India’s procurement programme can be defended on a number of grounds. First, India’s small and marginal farmers, who account for the bulk of all agriculturists, are exempt from subsidy reduction commitments under Article 6.2 of the WTO’s Agreement on Agriculture. Second, as India and China have argued in a joint paper released last year, the developed world benefits from an overall farm subsidy ceiling of 5 per cent on farm output, as against a product-specific cap of 10 per cent on the produce of developing world. Under the guise of an overall cap, the former is able to extensively support some crops more than others. A product-specific cap may lead to an overestimation of input subsidies that are not crop-specific.

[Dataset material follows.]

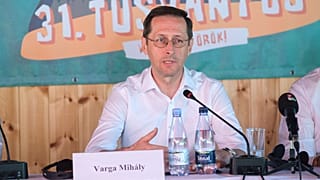 Varga Mihály pénzügyminiszter a 31. Bálványosi Nyári Szabadegyetem és Diáktáborban tartott pódiumbeszélgetésen az erdélyi Tusnádfürdőn, 2022 július 21-én – képünk illusztráció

Third, product-specific price support is based on the difference between the prevailing price and an ‘external reference price’ (ERF) based on 1986-88 prices. Apart from the ERP being outdated, the subsidy is calculated in the domestic currency rather than the dollar. Depreciation of the former exaggerates the subsidy. The developed world subsidises its farmers generously, and indeed distorts world markets, by masking its subsidies under the ‘blue box’ and ‘green box’ categories. The former is considered ‘minimally distorting’ as it deals with curtailing production, whereas the latter is deemed ‘non-distorting’ as it covers various income support. A debate on a ‘permanent solution’ to public stock-holding should lead to a more transparent system.

That said, India should consider prioritising income support over price support. The demand for a ‘pay commission’ of sorts for agriculturists, raised by farmers’ organisations, is not without merit. We could redesign the food subsidy bill, but on our terms alone.